You know, we all keep hearing about the importance of original work from agents and editors on Twitter. How it’s important to write what matters to you,  to write a good story. An excellent story. The best story you could ever hope to produce. We are warned against writing for what the market wants yet  if you hit the hashtag #MSWL (Manuscript Wish List) you’re going to see a lot of editors and agents posting about what they’d like in their inboxes. I often scratch my head at that one because it flies in the face of what many other agents and editors suggest you should be doing – like writing original stuff.

We’ve seen a lot of trends come and go over the past few years. One such trend that apparently is on the outs is a genre that affects me and that’s urban fantasy. I’ve lost track of how many tweets I read from Book Expo of America or the London Book Fair – urban fantasy is dead! Zombies are dead! Dystopian is dead! Post-apocalyptic fiction is dead! What everyone wants now is YA contemporary! Send us your stories about sick and dying teens in love that tear at the heart and you might have a shot of grabbing someone’s attention!

There are days when I wonder if publishing knows what the hell it’s doing anymore. A lot of contradictory advice. A big herd mentality. A lot of rumors about what’s selling and what isn’t selling. A lot of this, that and the other thing.

Which makes you wonder when you’re thinking about starting a new project whether you should.
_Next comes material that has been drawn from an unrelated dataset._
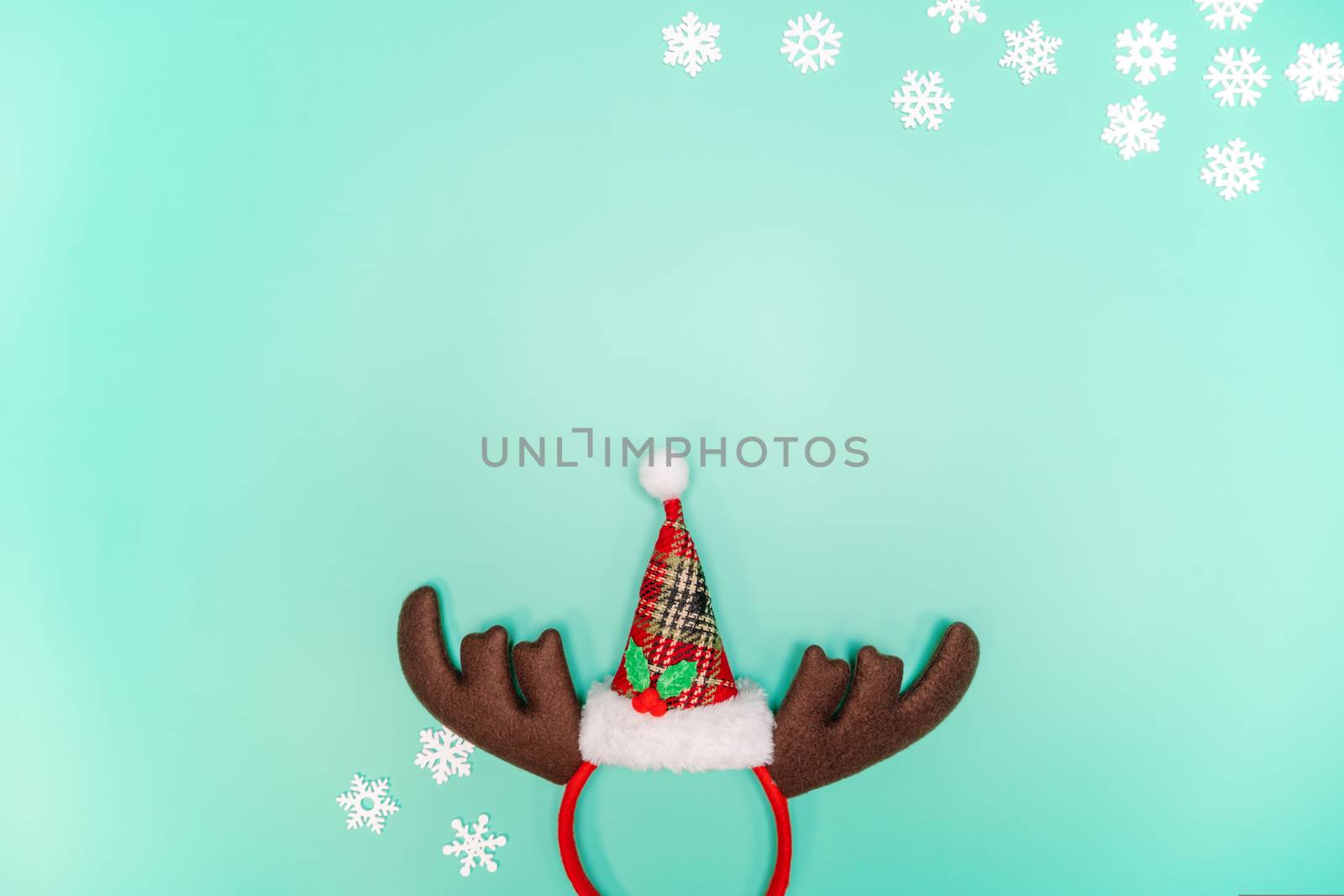 Christmas background concept. Top view of Christmas decoration, Santa Claus and reindeer on green background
Whether it will see the light of day via traditional publishing.

I often wonder whether traditional publishing takes into consideration the sales of self-published books or even if anyone can ascertain the true sales numbers. God knows traditional publishers are very guarded with their sales figures and Amazon sure as hell is. I think we tend to ball park it.
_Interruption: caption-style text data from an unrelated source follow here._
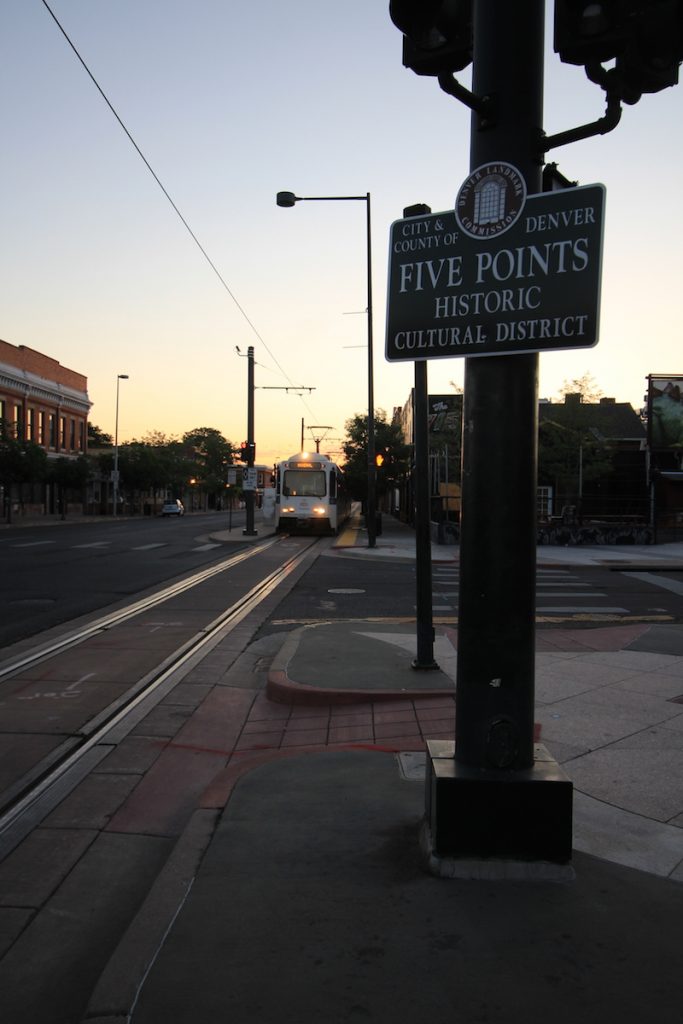 Five Points Historic Cultural District street sign with approaching light rail train in the background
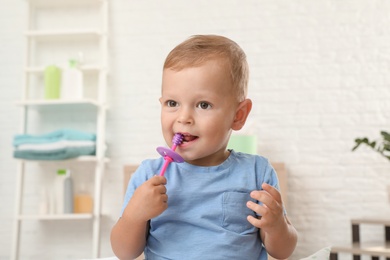 Cute little boy with toothbrush on blurred background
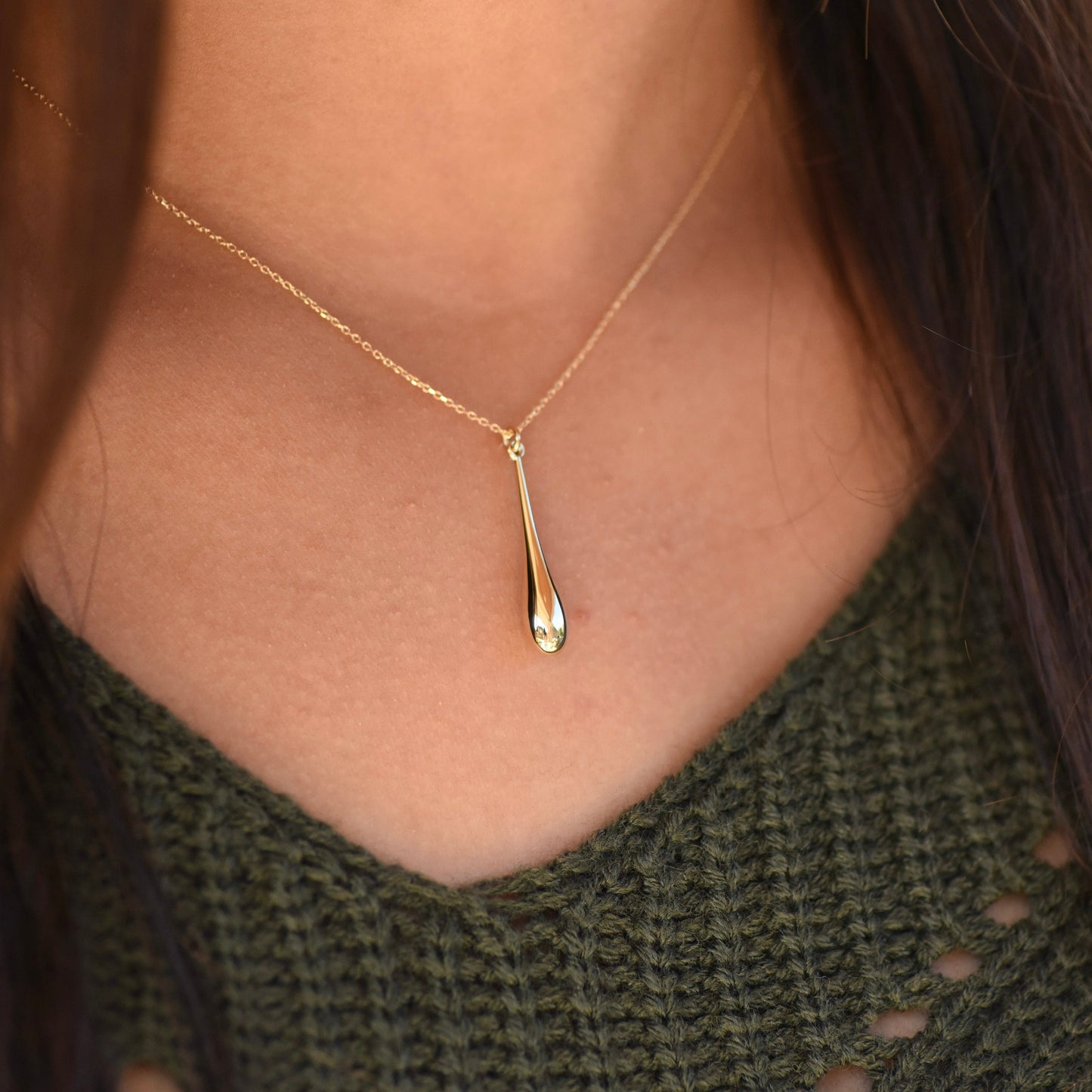 Gold necklace with a pendant worn by a person in a green sweater.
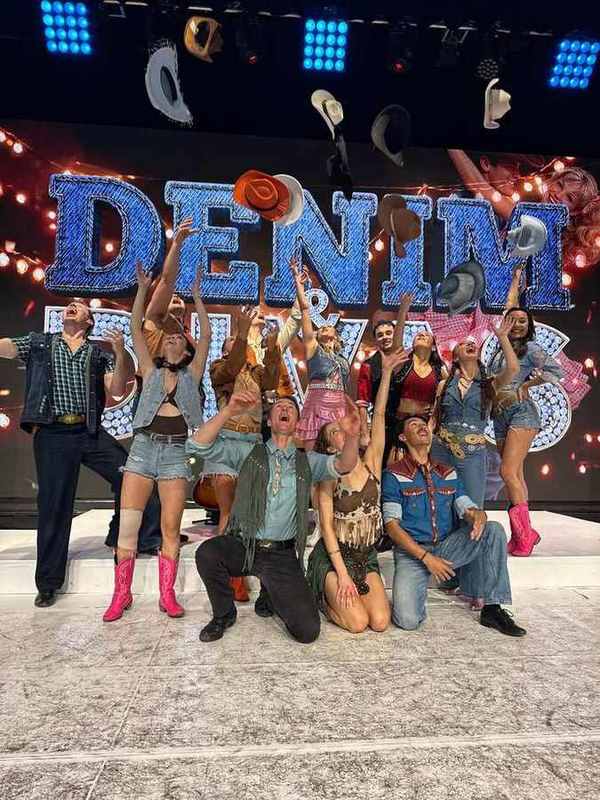 The Denim and Divas cast tossing their hats in the air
As you know, I self-published an urban fantasy/superhero story called MARSHALL CONRAD this summer. I can tell you that it has sold about fifteen to twenty copies a day since June 26th. Let’s be conservative and say fifteen copies. So fifteen times sixty five days equals 975. So I’ve sold nearly a thousand copies of a reprint that I self published in slightly over two months. Wow.

I repeat. Wow.

I’ve never sold that many books in two months before.

Does this mean that the experts at big publishing houses in their marketing departments are on crack when they say, for example, that urban fantasy is dead? Or is it just the urban fantasy coming out of the major publishing houses?

In short, a lot of unqualified pronouncements about this being “dead” or that “not selling” or the marketing being flooded with “this”.

I’m not sure what I’m going to write next. I’ve got a brand new work that is going to be available on October 6th in a genre that apparently is a hard sell right now – zombies and post apocalyptic.  I’ve got strong sales from Marshall Conrad so I’m wondering whether I should finish that second book. And I’m shopping an urban fantasy via traditional publishing that is quite frankly, the best thing I’ve ever written and all I’m hearing is “great voice, market flooded, no thanks.”

Decisions, decisions. Maybe I’ll self-publish that one as well.

Damned decisions. What do you think?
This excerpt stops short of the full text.